On the other hand, if instead of α we take ${\alpha }^{\prime }=\left(3242\right)$, then

$$\left(3324\right){\alpha }^{\prime }\left(4214\right)=\left(3324\right)\left(3242\right)\left(4214\right)=\left(3323\right)\notin H_{\epsilon },$$

whence we conclude that ${\alpha }^{\prime }$ is not $(\beta ,\gamma )$-invertible.

5. Concluding Remarks

In this paper, we introduced a new type of factorization of elements of a semigroup, which is called I.-A. factorization. It is a factorization in which the location of factors in the structure of Green’s equivalence classes is precisely determined by the element being factorized and the idempotent by which the factorization is performed. We proved that every regular element of a semigroup possesses such a factorization with respect to an arbitrary idempotent from the same Green’s $\mathcal{D}$-class. I.-A. factorizations have been used to provide the existence criteria and characterizations of group inverses and $(b,c)$-inverses of elements of a semigroup.

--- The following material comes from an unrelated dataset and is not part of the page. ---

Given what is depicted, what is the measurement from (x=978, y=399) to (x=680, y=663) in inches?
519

In further research, it is possible to develop algorithms for efficient I.-A. factorization for matrices over a field, as well as the corresponding algorithms for verifying the existence and calculating group inverses and the $(B,C)$-inverse of matrices.